This video is on writing and balancing chemical equations. This first law here is very important when talking about balancing equations. It's a law you have heard of before, the law of conservation of mass. And what this is saying is that in all chemical reactions, atoms are neither created nor destroyed. That atoms may switch positions and may switch to what atoms they are bonded to, but you still need to have the same amount.
in your reactants and your products. So before we go into talking about writing chemical equations, we need to know that the left side of any chemical equation are the reactants. And then you have your arrow, which means produces or yields to form. And your right side, we have our products. So reactants on your left, products are on your right.
There are seven really important elements we need to memorize and those elements are H, N, O, F, C, L, B, R, and I. These seven elements are called diatomic elements. Diatomic elements, when they are by themselves in a chemical reaction, appear with a little number 2 next to them.
I'm not going to get into why they are diatomic or what that means. All you need to know, that is if hydrogen or any of those elements are by themselves in an equation, there needs to be a 2 next to them. They cannot exist by themselves. Only for those 7. Any other element, let's take iron for example. If we're just talking about iron, that is just Fe.
That can be alone. But the 7 diatomics cannot be. So that is very important to remember.
And then when we are writing equations, if we're given words to write equations from, we know how to use our nomenclature and our charges chart to form compounds using the crossover method or the least common denominator method. So here is an example. We have nitrogen.
Notice it's by itself. That's why there's a 2 there. We have...
oxygen by itself. Again, we have a two there, and that forms, see if you can figure out how to name that. That would be a binary molecular compound, two non-metals.
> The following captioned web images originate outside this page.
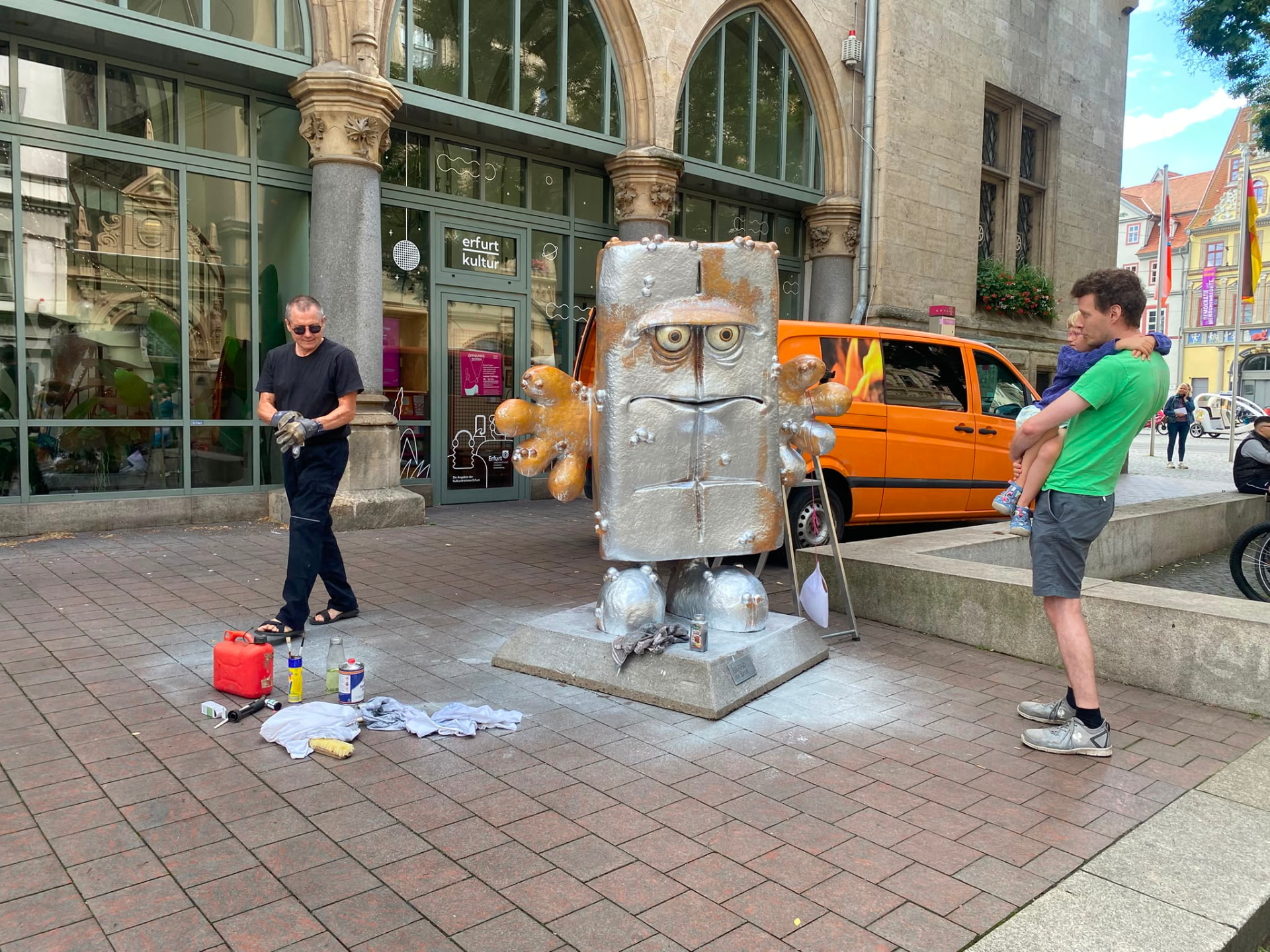 Bernd das Brot Statue in Erfurt mit Graffiti-Verschmutzung, ein Reinigungsfachkraft zieht Handschuhe an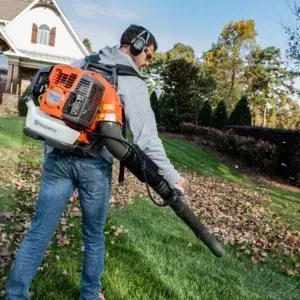 Un homme qui souffle des feuilles avec un souffleur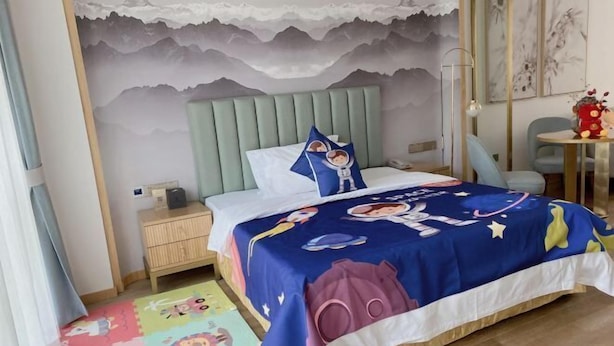 A bedroom with a bed covered in a space-themed bedspread, a nightstand, a desk, and a chair. - Bolianhui Hotel (Chongqing Southwest Hospital) (Chongqing)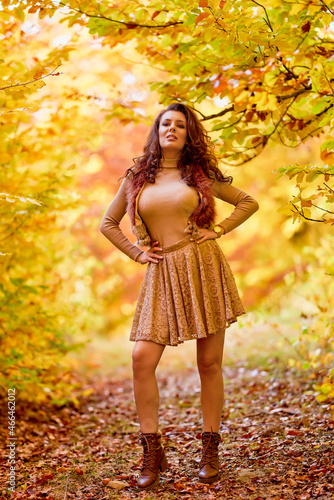 portrait of a beautiful woman in the woods in autumn season © czamfir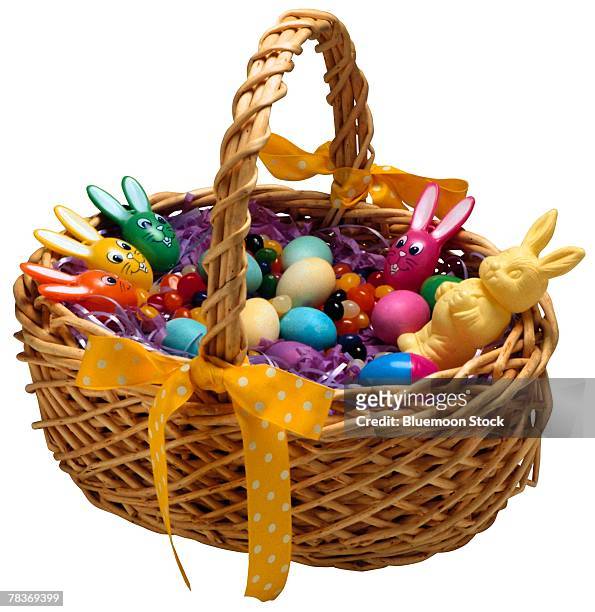 easter basket - easter basket with candy stock pictures, royalty-free photos & images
That would be nitrogen monoxide, mono for one oxygen. Something you might notice here are these G's in parentheses after each atom. That G stands for a gas.
So we have nitrogen gas plus oxygen gas, and we get nitrogen monoxide. Other letters you will see in parentheses, you could see an S for a solid, an L for a liquid. Or if you see an AQ, that means aqueous.
That just means something is dissolved in water. The number in front here, this red 2, that is called a coefficient. Coefficient tells you... the relative proportions you have of that molecule. If there is no number in front, such as the case of N2 and O2, there is understood to be a 1 there.
So an example here, we have propane. That's C3H8 plus oxygen, and that yields carbon dioxide and water. You will see later on in the PowerPoint that the type of reaction that this is is called a combustion reaction. But for now, it says identify the reactants and the products.
Reactants are on the left side of the arrow. Products are on the right side of the arrow. The next question says, identify the coefficients and explain what they signify in terms of molar ratios. So the coefficients we have here in front of propane, there is a 1. In front of oxygen is a 5. In front of carbon dioxide is a 3. And in front of water is a 4. And what does that mean? That means we have one molecule of propane.
And when that reacts with five molecules of... oxygen or moles of oxygen, it produces three moles of carbon dioxide and four moles of water. Anytime propane and oxygen is in a one to five ratio, we will always get three and four for carbon dioxide and water.
If you would multiply this one in five by two, so let's pretend for example, we had two moles of propane and 10 moles of oxygen, that three and four would also be multiplied by two. So that would be six and eight. So that is a direct relationship there.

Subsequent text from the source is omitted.